(RECORDS FOR THE TASK):
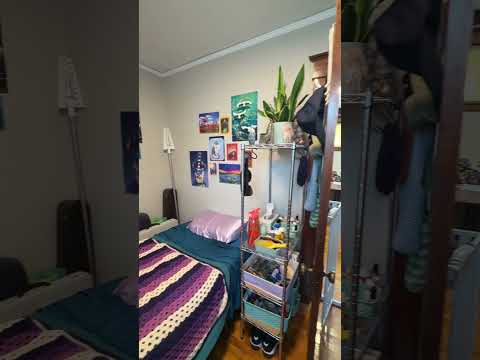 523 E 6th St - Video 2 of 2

---

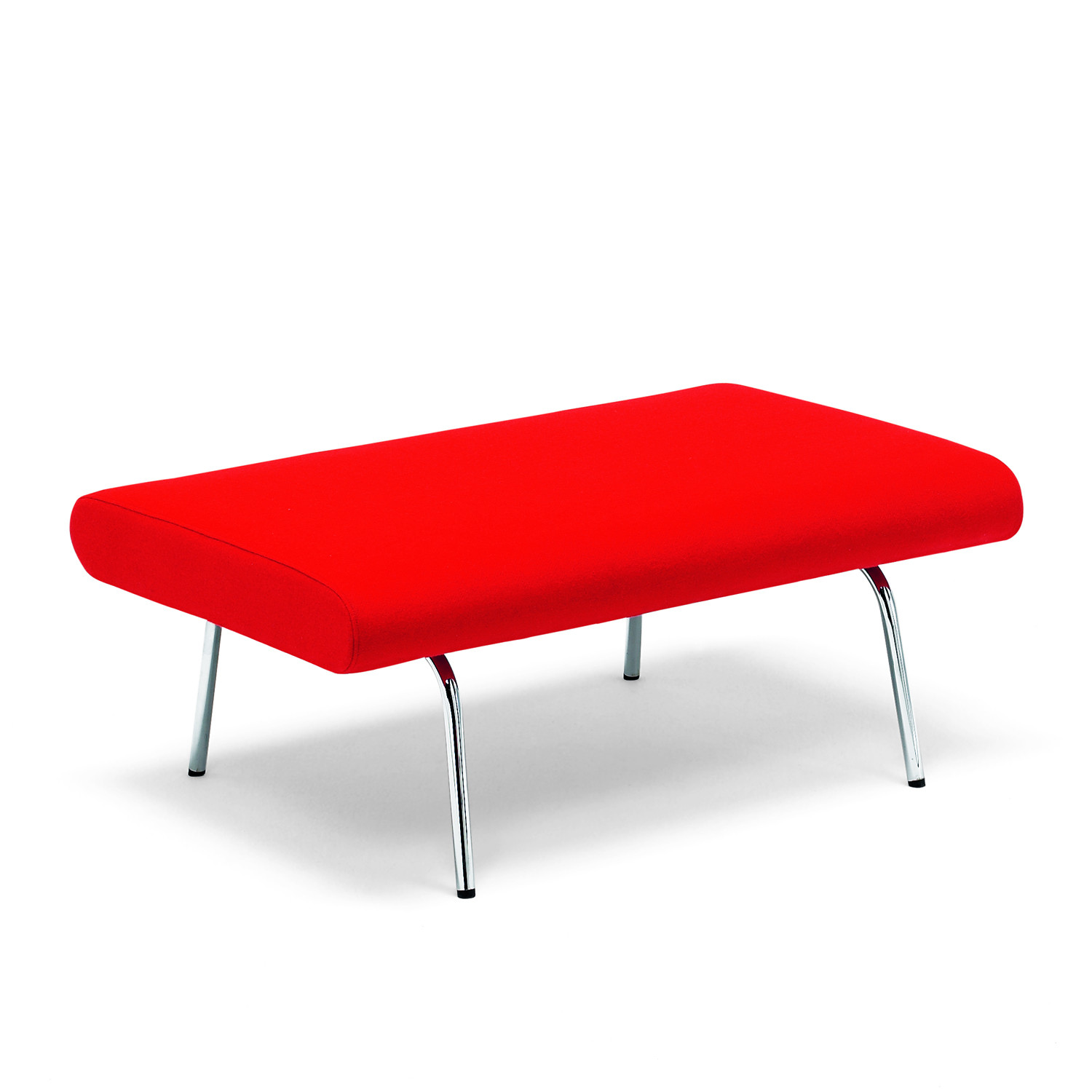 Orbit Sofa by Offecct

---

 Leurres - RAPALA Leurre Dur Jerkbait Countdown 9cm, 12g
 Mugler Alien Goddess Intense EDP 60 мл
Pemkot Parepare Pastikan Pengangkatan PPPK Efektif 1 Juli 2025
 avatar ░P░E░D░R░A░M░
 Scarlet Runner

(EXERCISE PROMPT): For the lines above, output exactly those from the line containing "Leurres - RAPALA" through the line containing "Scarlet Runner", and skip the others.

(FINISHED TASK):
 Leurres - RAPALA Leurre Dur Jerkbait Countdown 9cm, 12g
 Mugler Alien Goddess Intense EDP 60 мл
Pemkot Parepare Pastikan Pengangkatan PPPK Efektif 1 Juli 2025
 avatar ░P░E░D░R░A░M░
 Scarlet Runner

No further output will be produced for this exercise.